Introduction: Biomaterials used in regenerative medicine are required to direct the differentiation of human mesenchymal stem cells (hMSCs)[1]. Equally important is the maintenance of multipotency of hMSCs for clinical and Industrial use. In this work, we generated a range of surface textures by phase-separation (polymer demixing) for modulating stem cell-substrate interactions and hMSC differentiation[2]. In combination with 3D printing, this process can be a powerful tool for fabricating scaffolds for tissue engineering.
Materials and Methods: Surface patterns were fabricated by varying the ratio of two immiscible polymers poly(DTE carbonate) (PDTEC) and polystyrene (PS). Polymers were spin-coated onto coverslips to obtain phase-separated films. PS was selectively removed to obtain patterned PDTEC surfaces. Substrates were cultured with hMSCs in a 1:1 ratio of osteogenic and adipogenic induction media so as not to restrict lineage commitment. Cytoskeletal F-actin was fluorescently stained with Alexa conjugated Phalloidin, and phosphorylated focal adhesions (pFAK) were immunolabeled. High-resolution confocal images were used to analyze the morphological features and cytoskeletal anisotropy.
Results and Discussion: Reproducible surface patterns (Fig. 1A) were obtained at each of the PDTEC:PS compositions. There were three categories of surface patterns: flat (D0, D100), continuous (D40, D60), and discontinuous (D20, D80). The x in Dx refers to the wt% PDTEC. D0 is the uncoated substrate, D100 is the uniform PDTEC film, D20 had islands and D80 had pits.The height of the features were ~7µm, their widths were ~ 16, 48, 68 and 151 µm in D20, D40, D60, and D80, respectively.
Figure 1. (A) Bright field optical micrographs of the surface patterns with uniform chemistry, but varying topography. (B) Differentiation commitment of hMSCs on varying surface topographies exposed to mixed differentiation media for 14 days. (C) Quantification of cytoskeletal anisotropy of hMSCs at 72hrs in differentiation media. (D) Quantification of focal adhesion major-axis length. Results are given as mean ± s.e.; statistics by Tukey's ANOVA; * is p < 0.05.

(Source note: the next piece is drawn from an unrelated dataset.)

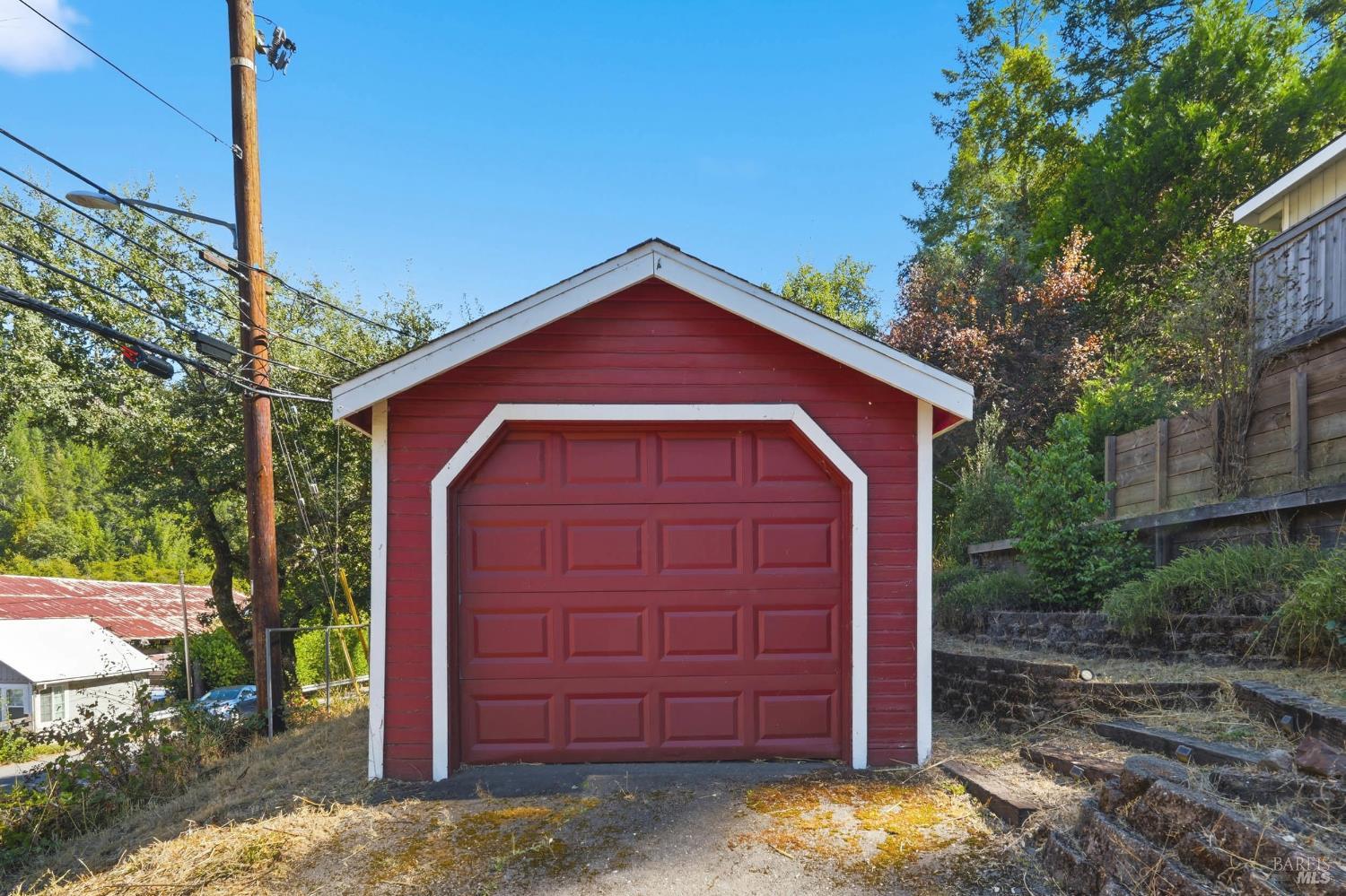 6175 Cazadero Highway Cazadero CA 95421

hMSCs cultured in differentiation induction media were assayed at 14 days to assess lineage commitment. Continuous topographies favored hMSCs differentiation, whereas discontinuous topographies supported hMSC multipotency (Fig. 1B). There were no significant differences between D0 and D100, indicating that observed changes in lineage commitment are due to topographic features, and not to surface chemistry.

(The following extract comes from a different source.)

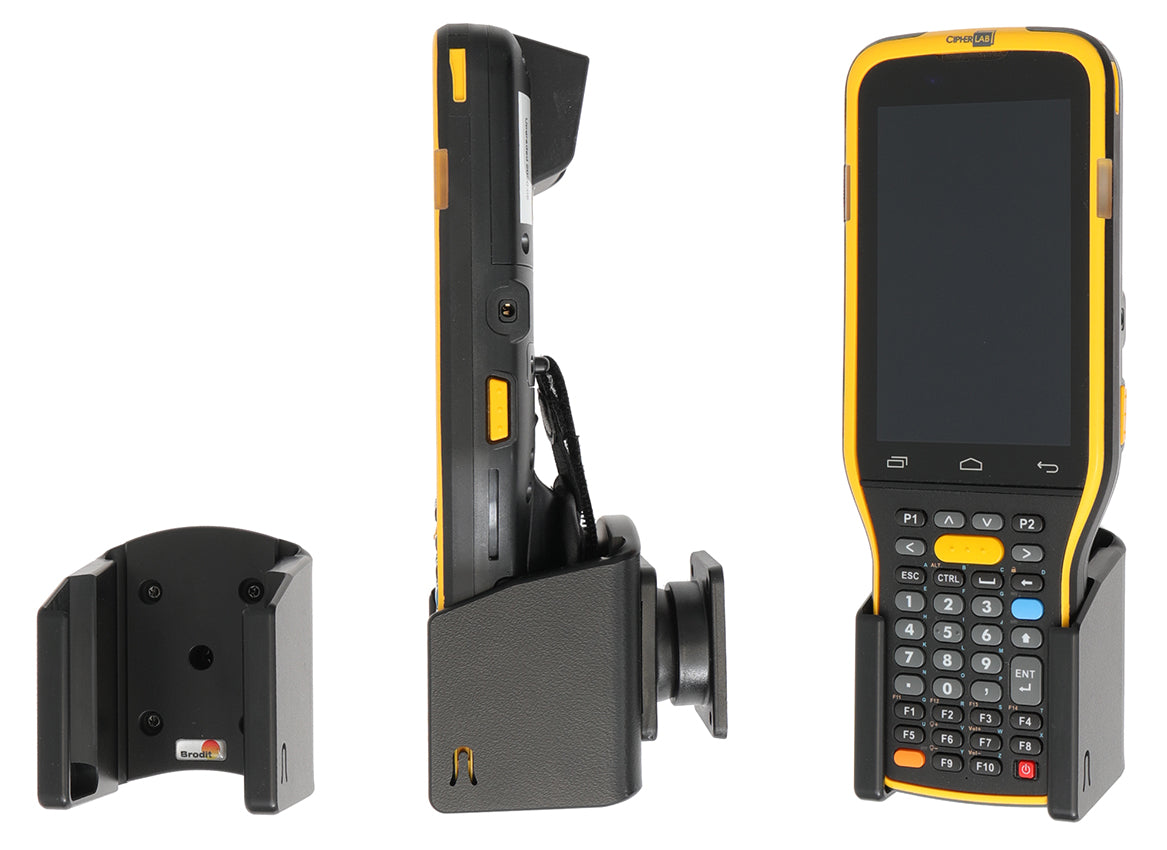 Brodit houder voor CipherLab RK95 | 711223 - productfoto 6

Examination of the hMSCs 72 hours post-seeding showed no significant changes in area or aspect ratio, indicating that cell morphology was not constrained by surface topography. Continuous features promoted cytoskeletal anisotropy (Fig. 1C). Cytoskeletal major-axis length measurements[3] showed that continuous features promote the development of mature pFAK, and discontinuous features do not (Fig. 1D). These data indicate that the observed long-term differentiation profiles can be predicted from early changes in cytoskeletal and pFAK organization.
Conclusions: Tunable substrate textures can be easily and reproducibly produced on surfaces of devices with complex shapes such as bone screws, plates and scaffolds via microphase separation. Discontinuous patterns promote multipotency in hMSC. Actin organization and pFAK maturity can be used as reliable predictors of stemness.
The National Resource for Polymeric Biomaterials funded by the National Institutes of Health (NIH grant EB001046)
References:
[1] Pittenger, M.F., et al., “Multilineage potential of adult human mesenchymal stem cells”, Science (1999) 284: 143-7.
[2] Dalby, M.J., Pasqui, D. and Affrossman, S., “Cell response to nano-islands produced by polymer demixing: a brief review”, IEEE Proc.-Nanobiotechnol. (2004) 151:53-61.
[3] Kim, Dong-Hwee, and Denis Wirtz. "Focal adhesion size uniquely predicts cell migration." The FASEB Journal (2013) 27: 1351-1361.